I'm still alive - still kicking. My I slumped into a deep dark political depression. 

Something is definitely askew in American politics and I've grown exceptionally ill to what's being served. I was opining yesterday to a work-friend of mine that the problem with the universe isn't the fact that we've elected a misogynistic, racist, class-celebratory idiot to the White House ... because the roots were long since there ... Trump just brought them out, highlighted them and soothed them that it's okay to be anti-women, anti-minority, hate-mongering and everything.

Read that again: It's OKAY to be those things ... 

THAT is what America has become. 

I know there will be an excessive amount of finger pointing happening in the Democrat camp in the days to come - but the top echelon of the party really has to do an honest evaluation of things. Never in political history has one party seized as much control as occurred last night. 

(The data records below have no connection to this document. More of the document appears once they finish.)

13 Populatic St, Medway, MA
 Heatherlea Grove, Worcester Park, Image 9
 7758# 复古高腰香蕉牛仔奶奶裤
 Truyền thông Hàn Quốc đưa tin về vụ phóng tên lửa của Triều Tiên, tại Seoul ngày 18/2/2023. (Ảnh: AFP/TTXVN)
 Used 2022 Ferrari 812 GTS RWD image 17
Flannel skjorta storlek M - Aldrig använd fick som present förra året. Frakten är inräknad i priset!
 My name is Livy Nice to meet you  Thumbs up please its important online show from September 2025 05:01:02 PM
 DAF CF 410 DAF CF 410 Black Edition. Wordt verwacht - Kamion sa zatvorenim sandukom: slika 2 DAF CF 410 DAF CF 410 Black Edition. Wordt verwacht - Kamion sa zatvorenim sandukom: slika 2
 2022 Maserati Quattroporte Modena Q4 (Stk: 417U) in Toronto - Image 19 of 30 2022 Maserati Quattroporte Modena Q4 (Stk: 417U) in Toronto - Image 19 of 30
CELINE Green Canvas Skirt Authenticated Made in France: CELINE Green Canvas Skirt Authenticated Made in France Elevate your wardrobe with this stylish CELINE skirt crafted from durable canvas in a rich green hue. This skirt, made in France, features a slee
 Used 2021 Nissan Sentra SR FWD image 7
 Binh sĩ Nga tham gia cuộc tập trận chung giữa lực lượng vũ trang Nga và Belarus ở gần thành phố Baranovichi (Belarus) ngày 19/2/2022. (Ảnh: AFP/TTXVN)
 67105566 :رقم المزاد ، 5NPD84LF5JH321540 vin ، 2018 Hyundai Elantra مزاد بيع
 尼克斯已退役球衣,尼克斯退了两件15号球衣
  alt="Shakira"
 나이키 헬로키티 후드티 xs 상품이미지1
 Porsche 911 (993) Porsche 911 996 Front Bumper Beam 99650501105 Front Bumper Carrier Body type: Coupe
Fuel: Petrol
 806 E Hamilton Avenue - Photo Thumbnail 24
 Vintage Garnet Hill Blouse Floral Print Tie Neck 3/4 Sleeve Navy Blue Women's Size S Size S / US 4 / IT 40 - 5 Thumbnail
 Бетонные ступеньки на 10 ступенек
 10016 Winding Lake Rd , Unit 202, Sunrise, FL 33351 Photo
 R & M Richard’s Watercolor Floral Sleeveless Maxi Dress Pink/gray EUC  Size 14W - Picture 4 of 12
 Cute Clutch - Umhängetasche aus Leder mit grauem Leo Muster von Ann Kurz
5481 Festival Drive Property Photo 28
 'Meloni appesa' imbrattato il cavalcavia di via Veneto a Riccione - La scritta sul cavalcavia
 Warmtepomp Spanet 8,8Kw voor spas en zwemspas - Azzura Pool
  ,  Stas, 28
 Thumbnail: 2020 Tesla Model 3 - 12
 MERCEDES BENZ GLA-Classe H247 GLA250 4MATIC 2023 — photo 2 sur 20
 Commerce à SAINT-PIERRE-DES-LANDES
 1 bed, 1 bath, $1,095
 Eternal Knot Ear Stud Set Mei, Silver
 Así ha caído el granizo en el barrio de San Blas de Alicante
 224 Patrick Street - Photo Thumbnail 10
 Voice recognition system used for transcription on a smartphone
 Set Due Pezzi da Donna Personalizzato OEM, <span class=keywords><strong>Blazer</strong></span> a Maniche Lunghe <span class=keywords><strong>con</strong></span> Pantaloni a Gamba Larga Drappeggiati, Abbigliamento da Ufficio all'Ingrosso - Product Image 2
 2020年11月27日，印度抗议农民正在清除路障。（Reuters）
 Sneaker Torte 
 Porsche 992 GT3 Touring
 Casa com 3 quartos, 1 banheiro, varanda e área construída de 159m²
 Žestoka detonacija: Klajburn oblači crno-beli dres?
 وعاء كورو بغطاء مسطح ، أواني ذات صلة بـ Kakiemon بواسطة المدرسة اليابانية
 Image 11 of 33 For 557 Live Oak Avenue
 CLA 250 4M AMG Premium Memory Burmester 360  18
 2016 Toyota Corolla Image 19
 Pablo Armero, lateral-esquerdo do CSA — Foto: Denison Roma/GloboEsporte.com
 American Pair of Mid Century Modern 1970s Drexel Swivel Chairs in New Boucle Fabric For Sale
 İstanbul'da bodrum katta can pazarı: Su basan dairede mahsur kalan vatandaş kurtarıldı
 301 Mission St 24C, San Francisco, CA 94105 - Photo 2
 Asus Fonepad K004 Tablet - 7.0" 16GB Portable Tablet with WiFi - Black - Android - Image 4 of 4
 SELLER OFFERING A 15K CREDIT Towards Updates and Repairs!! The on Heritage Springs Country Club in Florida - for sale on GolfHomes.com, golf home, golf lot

It's a testament that our collective souls are black, angry, spiteful and surprisingly accepting of intolerance that breeds among us.

Democrats failed to recognize the trend of voters ... who are tired of how Washington runs.
Democrats failed to unite a clearly divided country. 
Democrats emphatically went with the establishment.
Democrats lack vision and fortitude. 

This is NOT Hillary's fault. 
This is NOT a testament about women or their capability to run America.
We're clearly READY for a woman to run America ... the Democrats chose an established Washington candidate as their choice for America to vote on ... and America rejected that establishment. 

NPR had the best summation of the night: "Exit polls show Obama has a 54% approval rating. This election isn't rejecting Obama, it's rejecting Washington."

Washington is burning this morning .. and that's a red glow we see coming from the east. 

Now we have to fix it. 

I'm not sure SpoonsRant will be resurrected. 
I'm still in a very depressed state of mind - and probably more so. 
... but maybe I have finally hit bottom. 

There's a lot of work to do ... 
... so ... what now?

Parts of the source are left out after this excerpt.